Study material
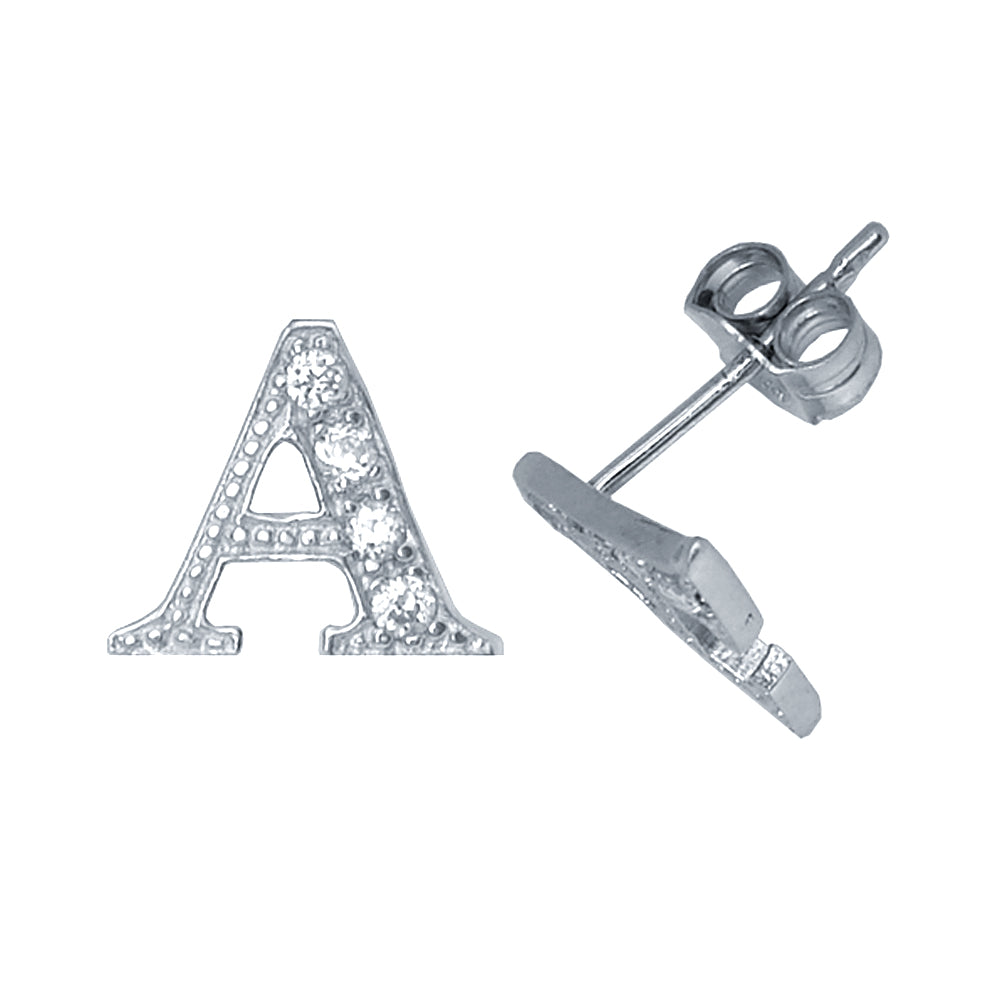 Sterling Silver  Initial Identity Stud Earrings Letter A - GIN3-A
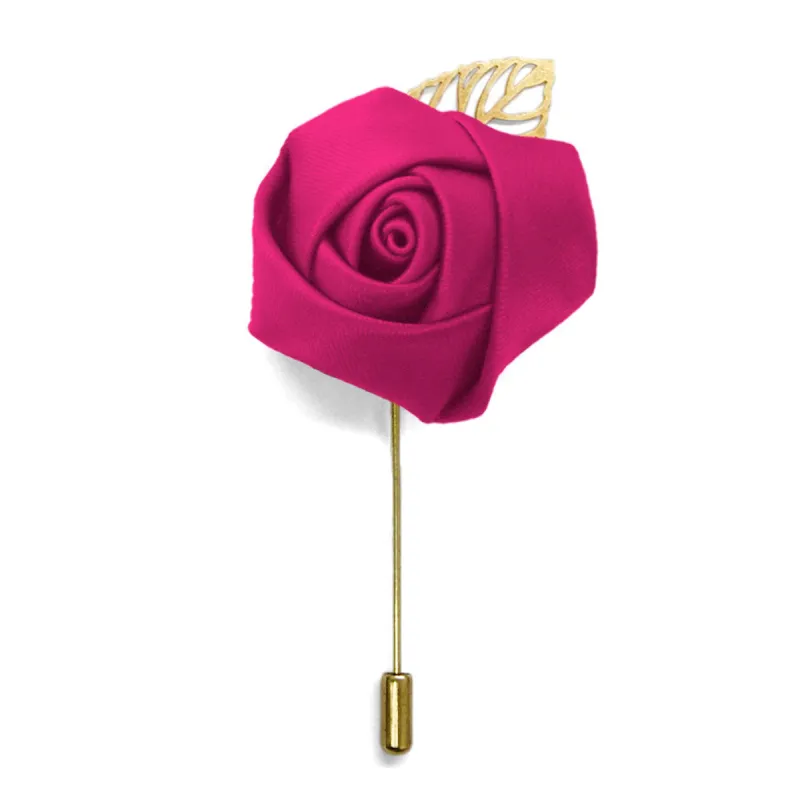 Fuchsia Premium Flower Lapel Pin sold by TieMart
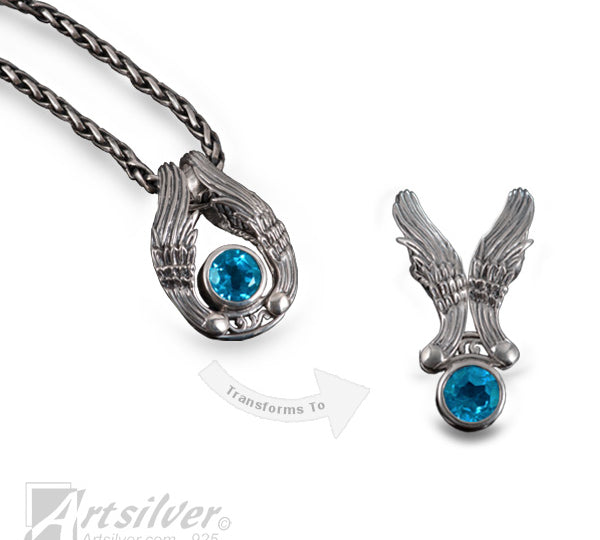 Angel Wing pendant with Gemstone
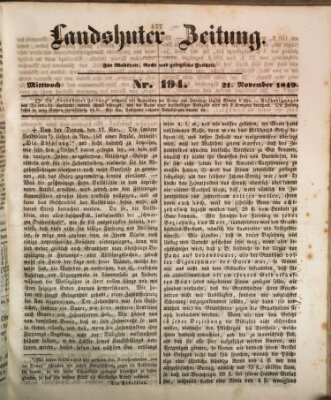 Landshuter Zeitung Mittwoch 21. November 1849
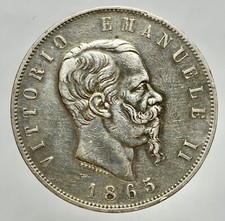 VITTORIO EMANUELE II 1861-1878 -AG/ 5 LIRE 1865 TORINO  RARA !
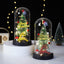 Christmas Gift LED Light Illumination Decorative Ornament Mini Christmas Tree Deer Glass Cover - Korvel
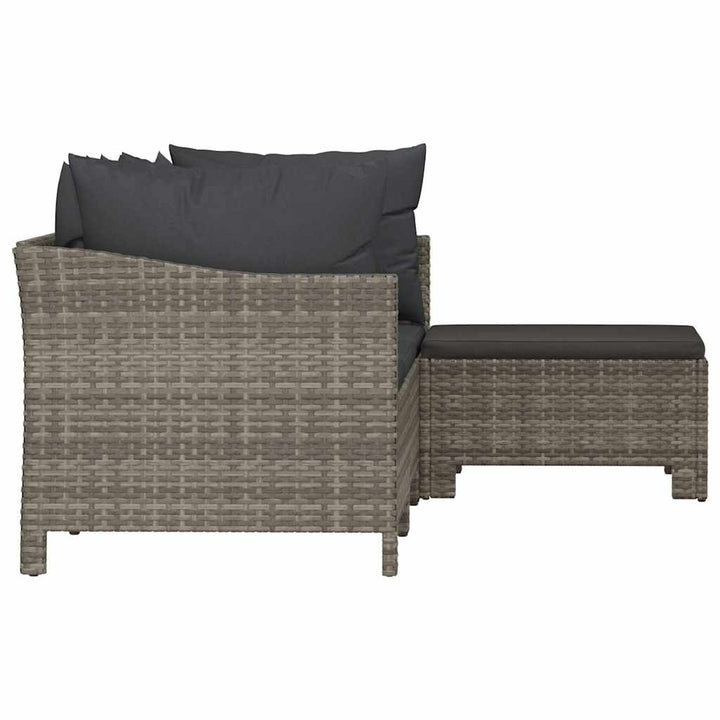 loungesæt til haven 4 dele med hynder polyrattan grå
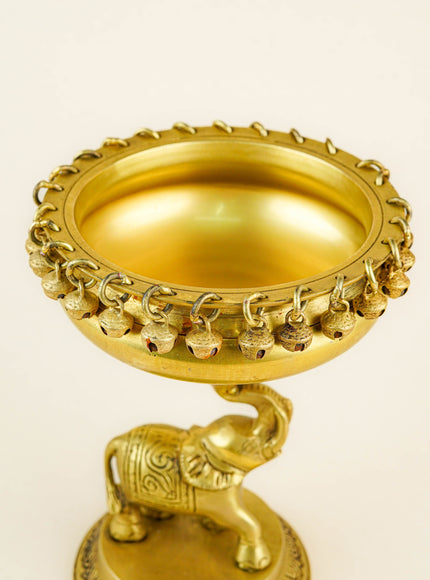 Brass Elephant with Urli - 9 inch - WL5356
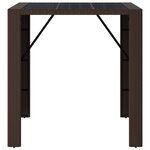 vidaXL Table de bar et dessus en verre marron 105x80x110 cm poly rotin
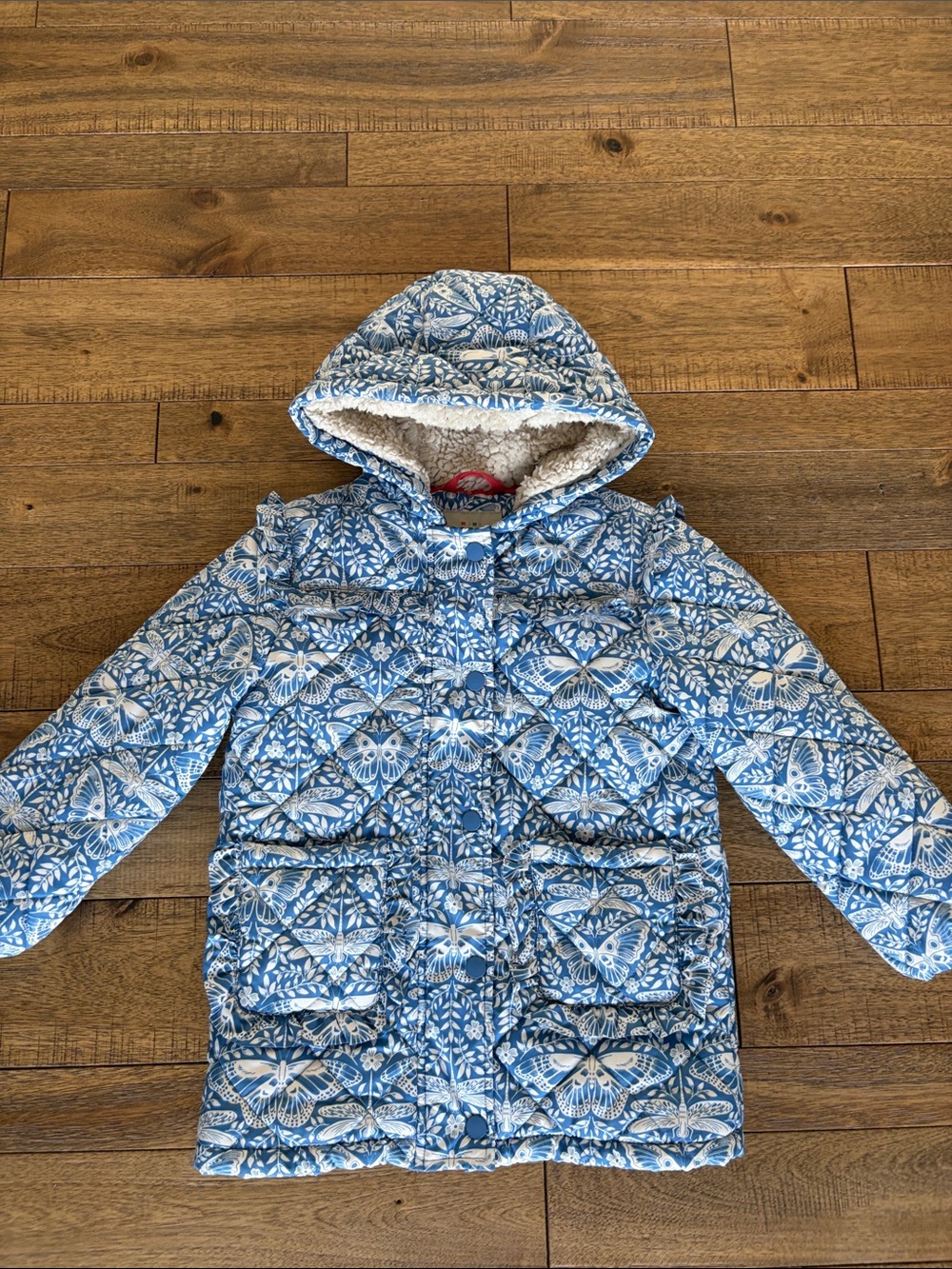 Boden Girls' Blue Butterfly Quilted Hooded Coat with Sherpa Lining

Instructions to follow
Restate word for word every line from the top of the entries above to the line with "Brass Elephant with Urli - 9 inch - WL5356", inclusive, and skip any pictures.

Solution to this problem
 Sterling Silver  Initial Identity Stud Earrings Letter A - GIN3-A
 Fuchsia Premium Flower Lapel Pin sold by TieMart
 Angel Wing pendant with Gemstone
 Landshuter Zeitung Mittwoch 21. November 1849
 VITTORIO EMANUELE II 1861-1878 -AG/ 5 LIRE 1865 TORINO  RARA !
 Christmas Gift LED Light Illumination Decorative Ornament Mini Christmas Tree Deer Glass Cover - Korvel
 loungesæt til haven 4 dele med hynder polyrattan grå
 Brass Elephant with Urli - 9 inch - WL5356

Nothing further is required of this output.